Our Daily Dread: Disrupting the Dow

Disclaimer: As with the other posts I have written in this series, these meditations are intended for those on whom institutional religion has largely given up. You’re damned anyway, may as well enjoy the ride to eternal hellfire.

First of all, then, I urge that prayers be made for all people, for kings and all who are in high positions, that we may lead a peaceful and quiet life. . . . (I Tim. 2:1-2).

 

Aspire to lead a quiet life, to mind your own business, and to work with your own hands, as we commanded you (I Thess. 4:11).

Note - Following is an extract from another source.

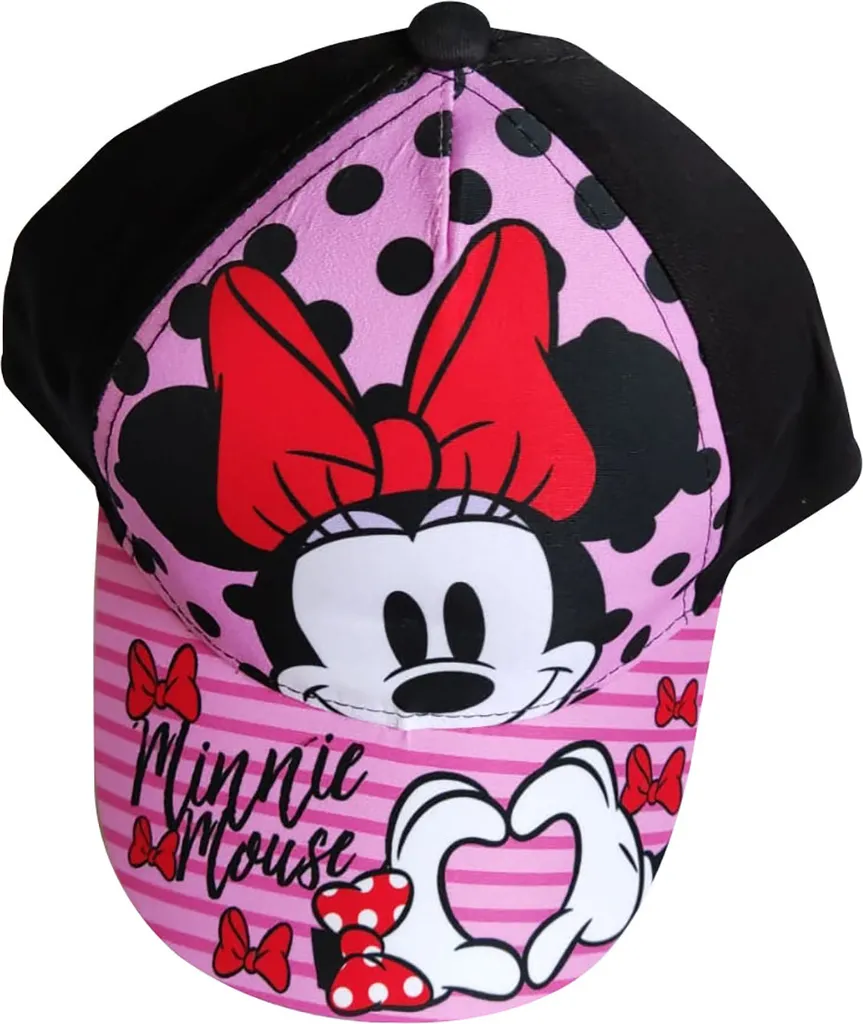 Disney Minnie Mouse Cap Base Cape Hat Minnie Mouse Bows Dots Heart per bambini Nero Taglia 54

As some of you know, I recently returned from a trip to Budapest, Maiori, and Paris. One thing that has always struck me about life in Europe (especially the Catholic parts) is the utter lack of rush and hurry — that frantic and frenetic pace of life that has us Americans screaming at the microwave for taking too long to warm up our Hot Pockets is largely absent from ordinary European life.

A perfect case in point is the fact that from roughly 2-5pm each afternoon most shops and restaurants in Italy are closed for riposo (they call it siesta in Spain). The purpose of this is to encourage both employees and customers to relax and enjoy a bit of downtime every day. The underlying idea here is that there is more to being human than nonstop consumption, and that maintaining our imago Dei may involve giving the Market the finger, letting it grind to a halt while we sit on a bench with a book and a smoke every now and then.

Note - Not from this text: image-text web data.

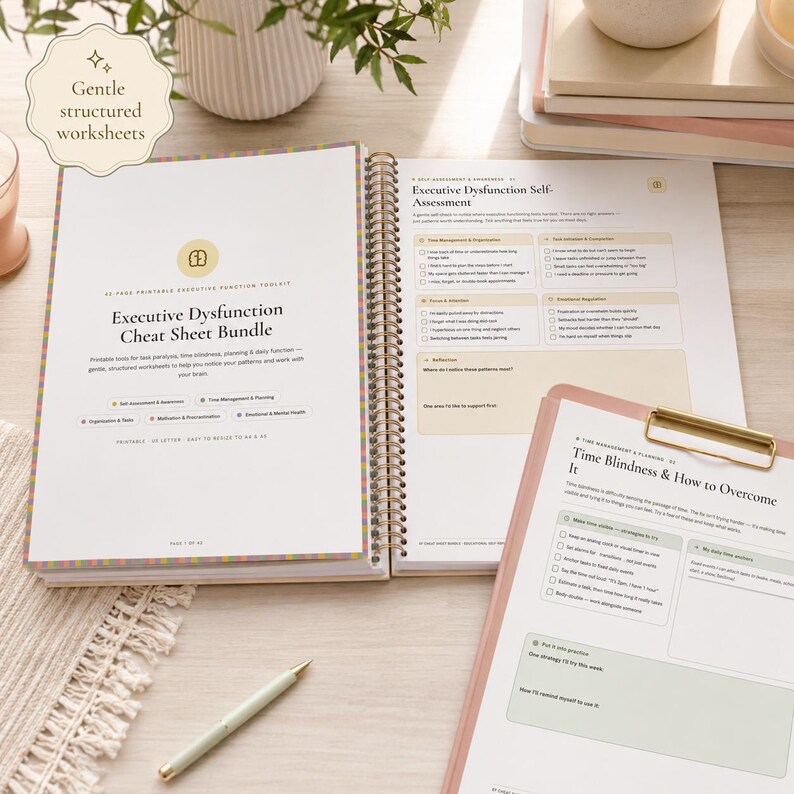 Executive Dysfunction Cheat Sheet Bundle video preview showing a 42-page printable toolkit with worksheets for task paralysis, time blindness, planning, organization, procrastination, self-assessment, and daily support.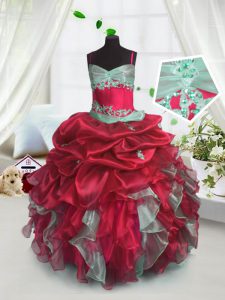 Great Organza Sleeveless Floor Length Girls Pageant Dresses and Beading and Ruffles
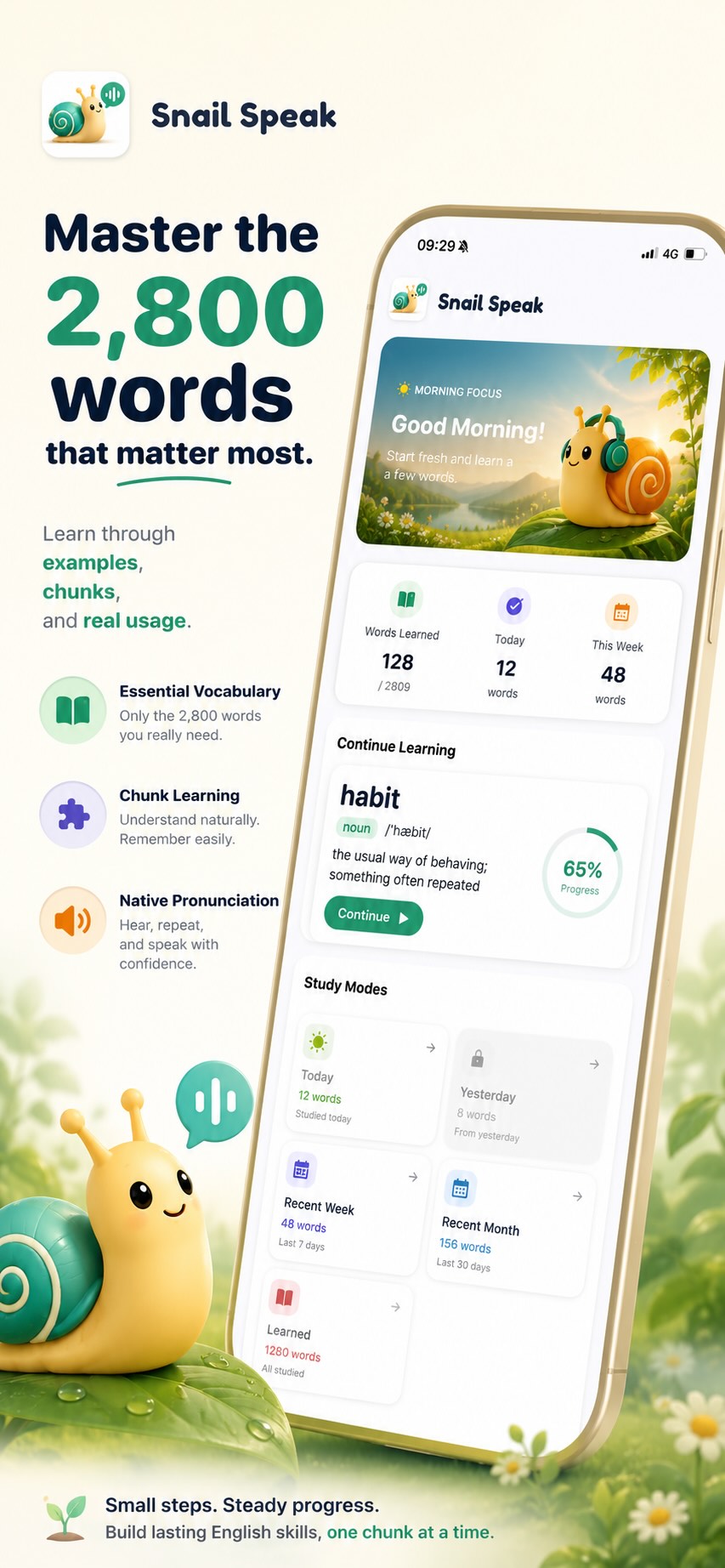 Snail Speak app screen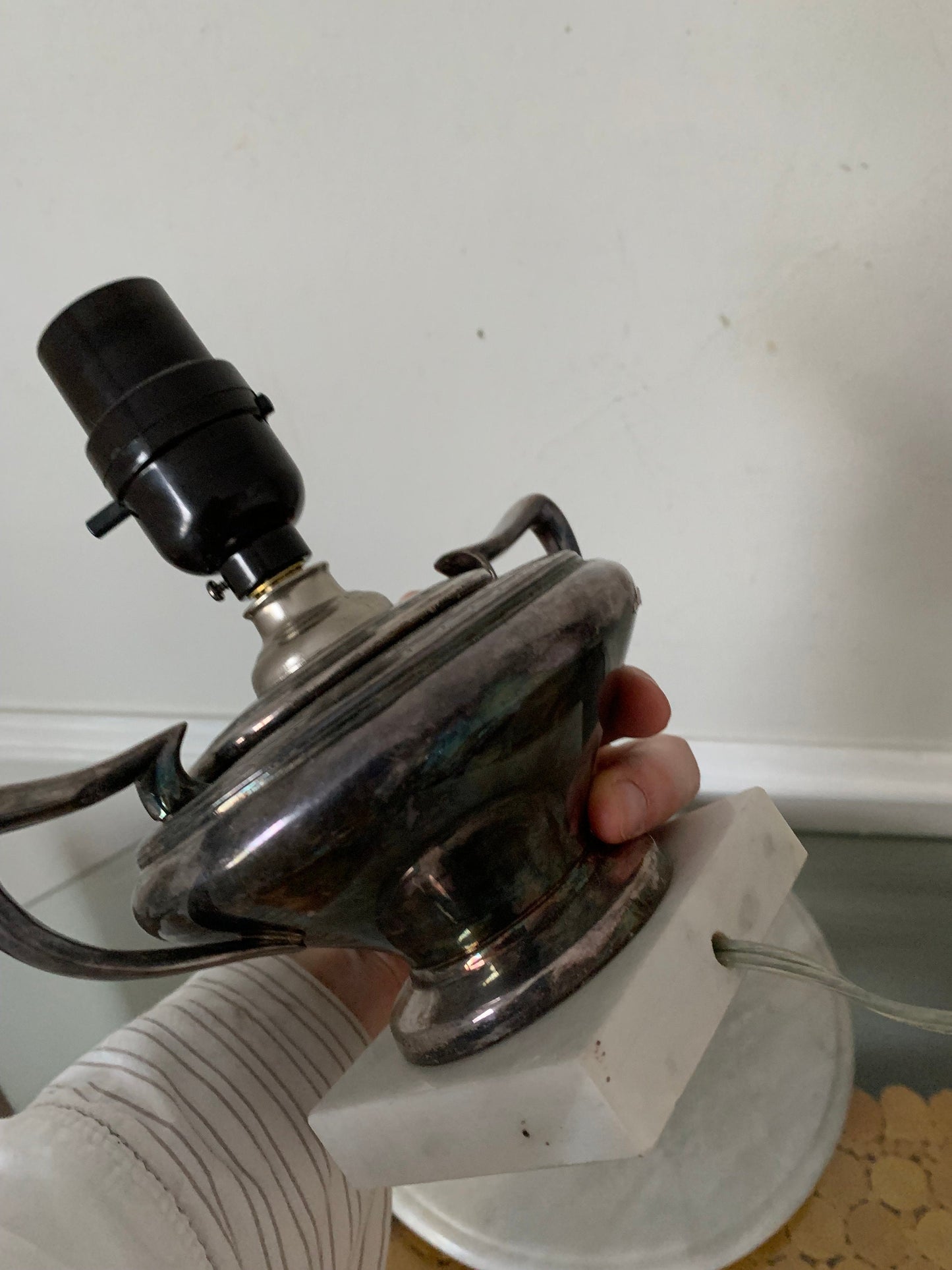 Small Vintage Silver Table Lamp with Stone Base No Shade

My guess is that none of us are “revolutionaries” whose aim is to overturn society and remake it into a more humane — and human — image. Who has that kind of time? But what we can do, and what may be a contemporary application of St. Paul’s admonitions cited above to “mind our own business” and “lead a quiet life,” is lodge little protests against the status quo, and lodge them often.

In Catholic Europe this may look like shops closing each afternoon, but here in the US it will look slightly different: Perhaps we will try to quit eating fast food (and eating it so fastly)? Maybe we will embark on a new career path that actually comports with what we’re passionate about? Or what about making it a priority to need less so we can earn less by working less?

But regardless of what form these subversive protestations may take, it’s important that we employ them. Because make no mistake, the most effective way to become enslaved to the incessant demands of the Machine, the Man, the Matrix, or the Market (call it what you will, St. Paul called it “the World”), is to continue to unreflectively do nothing.